I have a D-LINK DWM-157 USB 3G stick with working sms-only operator plan SIM card and without PIN code.
For some reason, neither gammu, nor gsmsendsms, nor gsmctl can connect to the device. They all report timeouts.
BUT wvdial finds the device allright and is able to both talk to it and make /etc/wvdial.conf entry:
[Dialer Defaults]
Init1 = ATZ
Init2 = ATQ0 V1 E1 S0=0 &C1 &D2 +FCLASS=0
Init3 = AT+CFUN=1,0
Modem Type = Analog Modem
; Phone = <Target Phone Number>
ISDN = 0
; Password = <Your Password>
New PPPD = yes
; Username = <Your Login Name>
Modem = /dev/ttyUSB0
Baud = 9600
I also can manually execute all AT commands and send myself an sms by echo > /dev/ttyUSB0
#cat < /dev/ttyUSB0 &
# echo "ATZ" > /dev/ttyUSB0
OK
# echo "ATQ0 V1 E1 S0=0 &C1 &D2 +FCLASS=0" > /dev/ttyUSB0
OK
# echo "AT+CMGS=\"+myphonewithcountrycode\",145" > /dev/ttyUSB0
>
# echo "foobar^Z" > /dev/ttyUSB0
foobar
+CMGS: 2
OK
#
If I do a cat < /dev/ttyUSB0 &
and then try gammu or gsmctl I can see that they both send AT commands and that modem replies with OK, but gammu/gsm act as if they didn't receive OK.
There is something very strangely wrong.
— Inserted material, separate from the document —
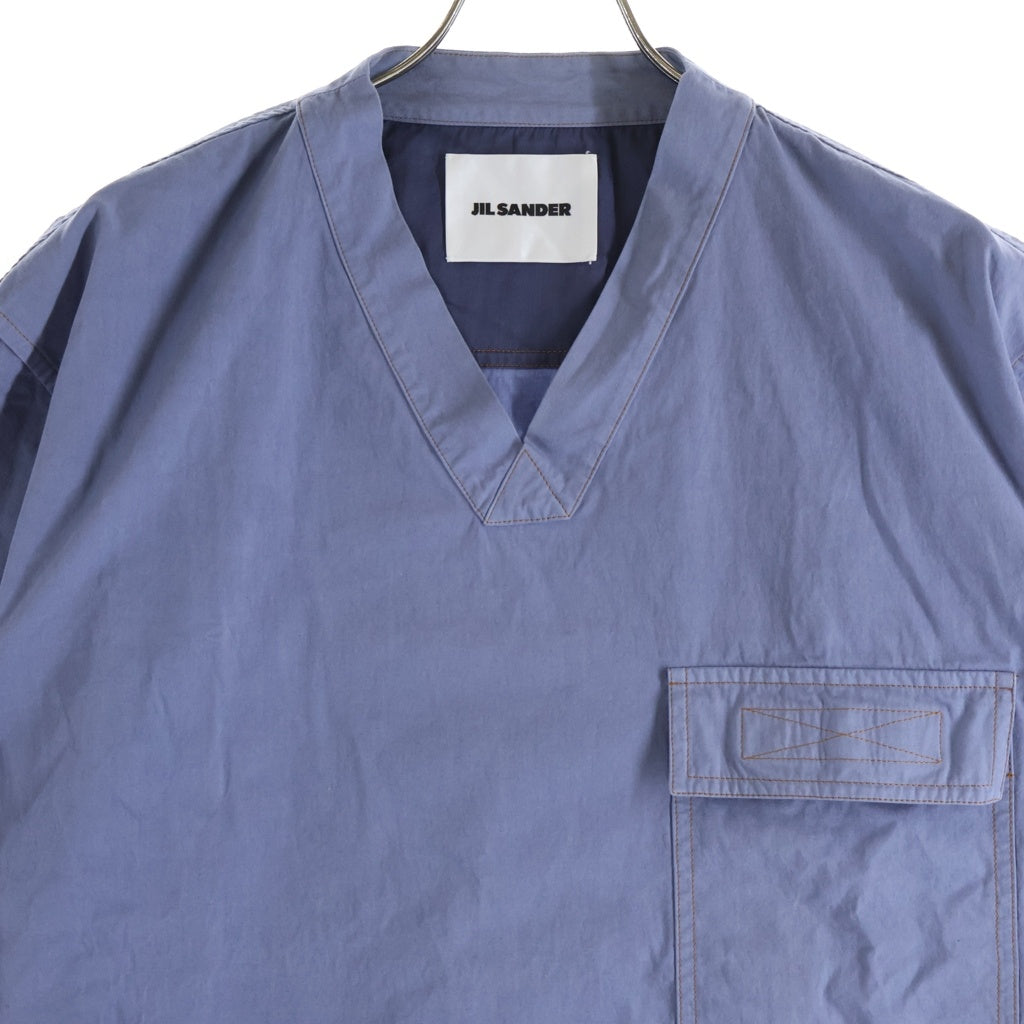 JIL SANDER(ジルサンダー) コントラストステッチ プルオーバー 半袖シャツ ブルー JSMS420618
What could be the problem?
Turned out there is one more (unused) software managing the modem: ModemManager.
As per this answer https://unix.stackexchange.com/questions/97242/how-to-send-at-commands-to-a-modem-in-linux I disabled ModemManager.
After
systemctl disable ModemManager
gammu can now identify my modem:There seems to be plenty of (sometimes apparently competing) services trying to service the same devices in newest Ubuntus. I had the same kind of trouble with my DNS settings, which get kept overwritten by NetworkManger, then systemd resolved and both ignoring what I had in netplan.